How can we get these files uploaded to useGalaxy?
Tthanks
We are trying to upload BAM(hg19) and fastq.gz files with FTP, but the upload stops after about 70G of the files have been uploaded. Our file sizes are about 95-140G in size.
How can we get these files uploaded to useGalaxy?
Tthanks
Hello – The maximum dataset size for Upload is usually 50 GB but needs to be a bit smaller for BAM datasets (around 25-35 GB). Datasets produced by tools can be larger.
This is true when working at the public Galaxy servers like https://usegalaxy.org. You would run into quota problems (max 250 GB total per account) and likely tool problems (exceed resources) working with such large data.
If you are running your own Galaxy, larger data can be loaded by administrators into data libraries using other methods instead of FTP, please see: https://docs.galaxyproject.org/en/master/admin/useful_scripts.html?highlight=data%20libraries
Galaxy choices:
Thanks Jennifer,
That answers our question.
Our problem was that we had not experience this limitation until after the first of this year. We were aware of the 250G limit, but previously we had been able to upload files larger than 50G without problem. For example, our last uploaded file in December was about 105.7G in size and is still in our history (see attachment).

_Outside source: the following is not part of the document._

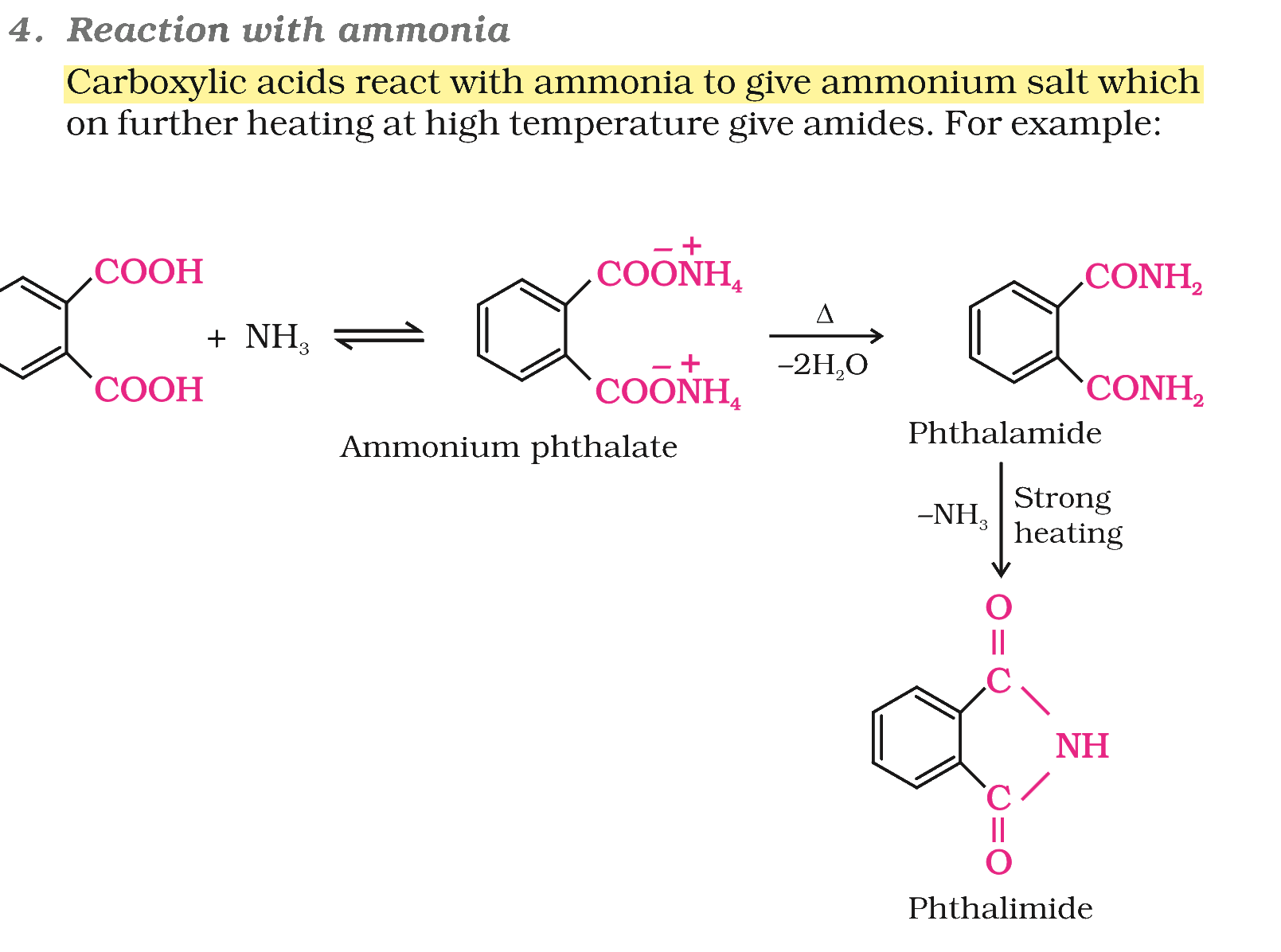 Textbook extract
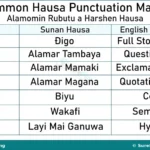 Ma’anar Alamomin Rubutu, Ire-irensu da Amfaninsu for JSS 1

We think we could do our work within the 250G limit, but cannot do so with the current upload file size limit.
Cheers,
Dave Cissell
Ok, that larger BAM load is certainly interesting! Especially if it is intact and useable. But that is not the norm.
Few tools would be expected to work with data this large at public Galaxy servers. And uploading such large datasets, successfully at Galaxy Main https://usegalaxy.org, shouldn’t be expected going forward. It would be better to move to your own Galaxy and allocate the resources needed.
ps: Next time you can skip loading the .bam.bai
index. Galaxy recreates these upon loading. To access/download a .bam.bai
index that is already in Galaxy, expand the dataset and click on the disc icon.